Para os EUA, o controle e exploração das reservas de petróleo de Esequibo constituem uma alternativa viável e barata às “dificuldades” criadas pelo processo bolivariano na Venezuela. Sua presença militar na fronteira com a Venezuela constitui mais um fator de pressão contra este país. É também um contraponto à presença chinesa na exploração do petróleo brasileiro na região do pré-sal e um movimento que tenta restaurar a condição da América Latina como reserva geopolítica e geoeconômica do poderio global dos EUA.

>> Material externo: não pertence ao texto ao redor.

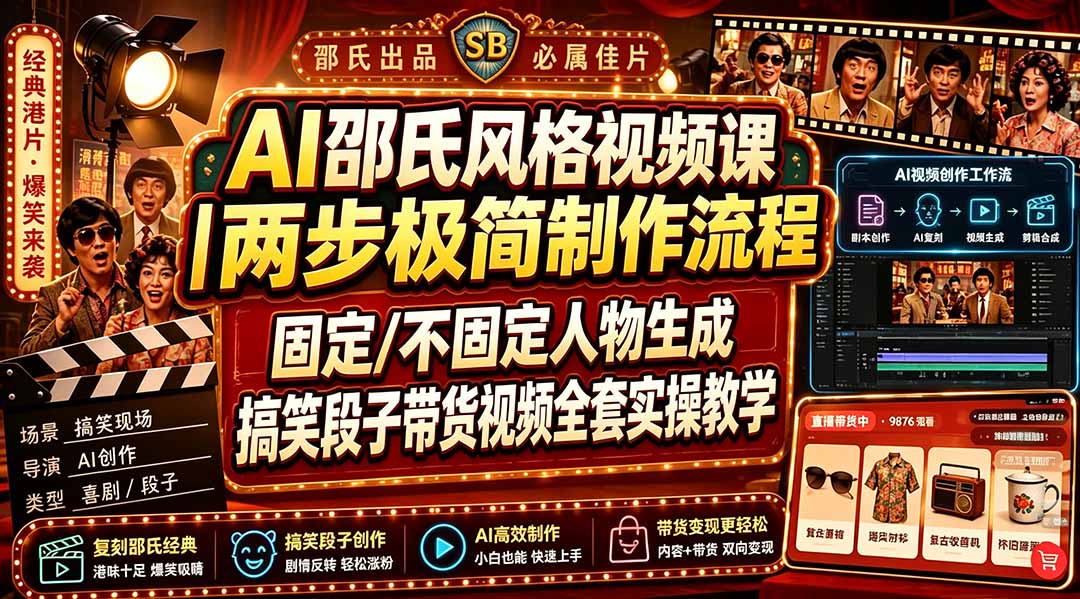 AI邵氏风格视频课｜两步极简制作流程，固定/不固定人物生成，搞笑段子带货视频全套实操教学-爱搭资源网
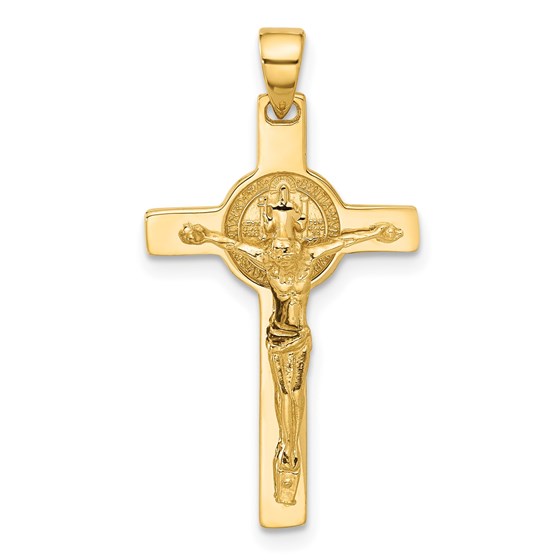 14K Yellow Gold Crucifix and St Benedict Pendant - 31 mm 14K Yellow Gold Crucifix and St Benedict Pendant - 31 mm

Em tais condições, as pressões atuais por parte do governo dos Estados Unidos, juntamente com seus aliados tradicionais ou de última hora, no sentido de deslegitimar os resultados das últimas eleições Venezuelanas e preparar o caminho para uma intervenção militar direta naquele país constituem apenas o mais recente episódio desse drama histórico. As vacilações da liderança venezuelana, os equívocos e desmandos praticados por Maduro e seus consortes, em detrimento do protagonismo das massas trabalhadoras e dos setores revolucionários, fragilizam o processo bolivariano e levam água ao moinho da reação local e continental. Neste contexto, a defesa intransigente da soberania nacional do povo venezuelano, a retomada do protagonismo das massas e a correção dos desvios na condução da chamada “revolução bolivariana” convergem com os interesses dos trabalhadores e dos setores populares de toda a nossa região.

 

1 Em português: guerra jurídica. Emprego de manobras jurídico-legais visando alcançar objetivos nas disputas políticas.

2 Mobilização de forças políticas de oposição, voltadas para a derrubada de governos considerados antiestadunidenses e sua substituição por governos favoráveis aos EUA e/ou seus aliados.